§ **WORK TASK**
Please copy only the material from the line that has "Mazda-CX-3-image-24" to the very last line, both ends included, exactly as written and without pictures.
------
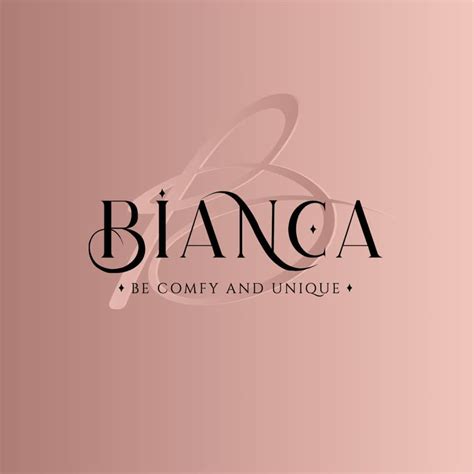 Biancastore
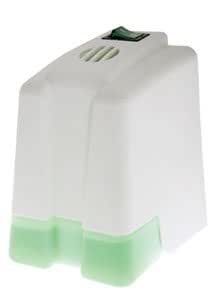 Profumatore professionale per ambienti fino a 150mq (esclusa fragranza) -  Se acquisti 3 fragranze il diffusore è in omaggio : Amazon.it: Casa e cucina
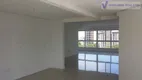 Foto 3 de Apartamento com 4 Quartos à venda, 193m² em Centro, Canoas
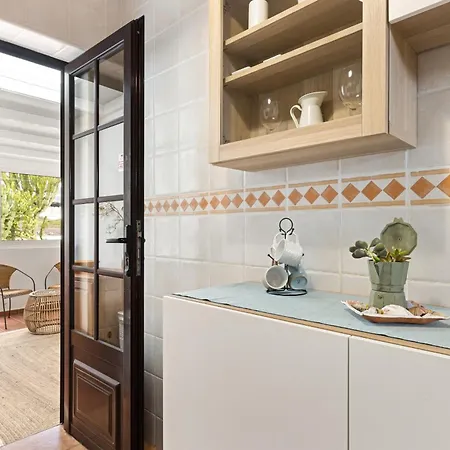 Casa Paraiso By Escape Vila *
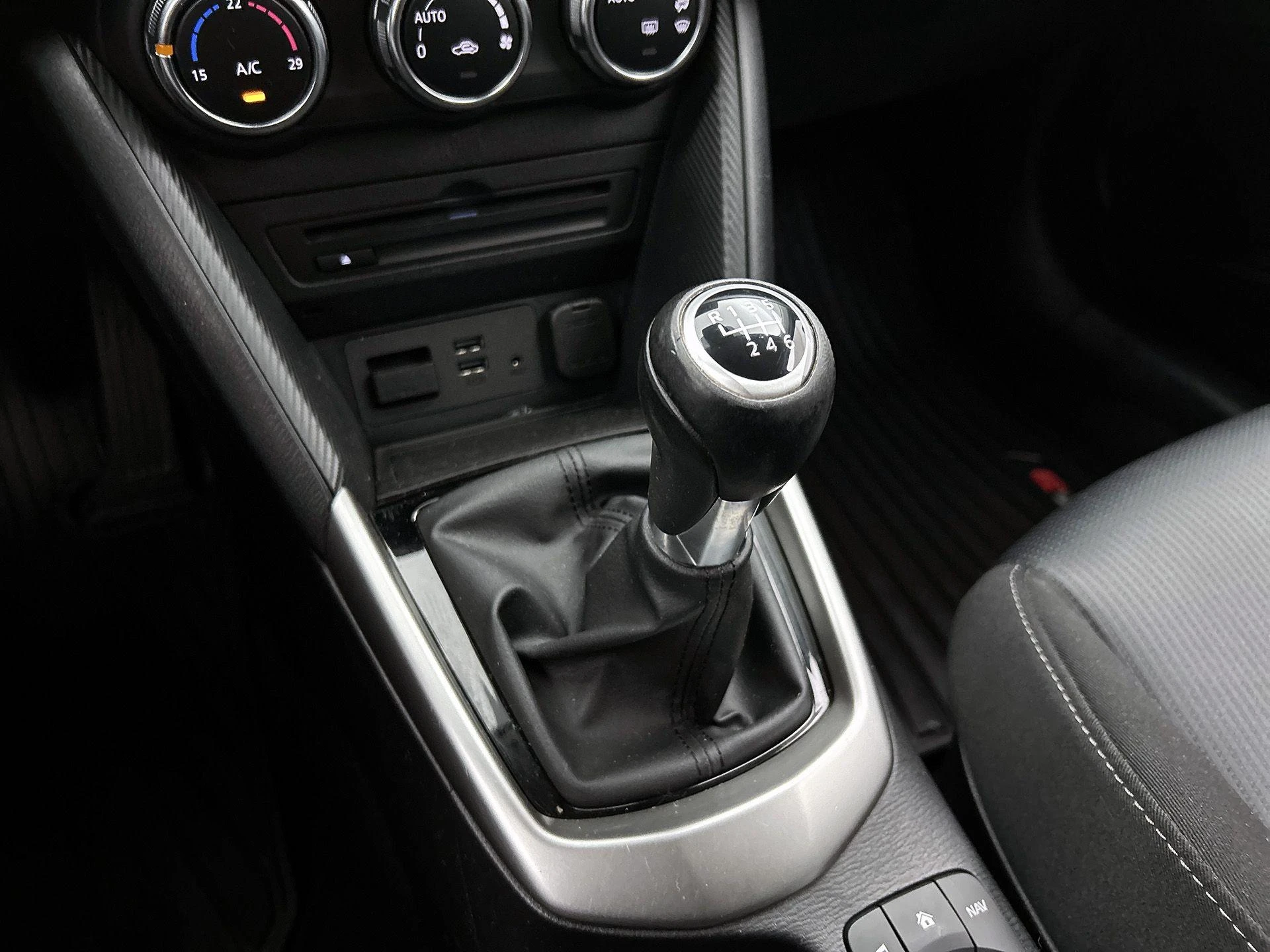 Mazda-CX-3-image-24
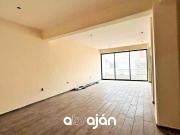 Departamento en venta en Costa Verde, Boca del Río, Veracruz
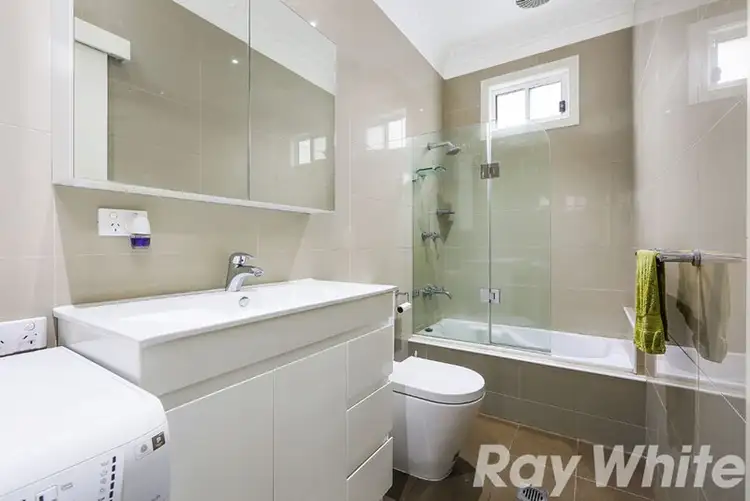 Fifth view of Homely house listing, 79 Old Canterbury Road, Lewisham NSW 2049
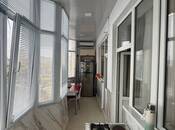 Продаётся 2-комн. новостройка 57 м², м. Ахмедлы, photo 8 from 8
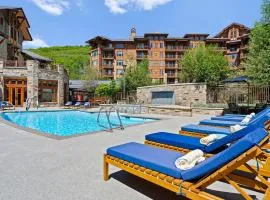 Hyatt Centric by All Seasons Resort Lodging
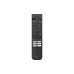 TV Philips, Black (55MLED820/12)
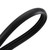 Sunroof Weatherstrip Weather Strip Seal For Toyota Camry Avalon Tacoma Lexus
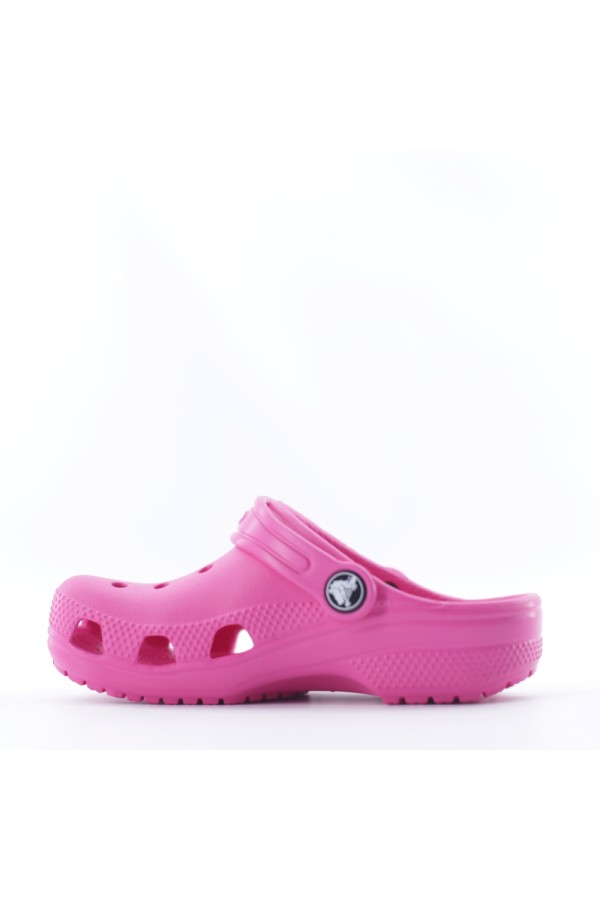 Crocs 206991 juice_3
------
§ **RESULT FOR THIS EXERCISE**
 Mazda-CX-3-image-24
 Departamento en venta en Costa Verde, Boca del Río, Veracruz
 Fifth view of Homely house listing, 79 Old Canterbury Road, Lewisham NSW 2049
 Продаётся 2-комн. новостройка 57 м², м. Ахмедлы, photo 8 from 8
 Hyatt Centric by All Seasons Resort Lodging
 TV Philips, Black (55MLED820/12)
 Sunroof Weatherstrip Weather Strip Seal For Toyota Camry Avalon Tacoma Lexus
 Crocs 206991 juice_3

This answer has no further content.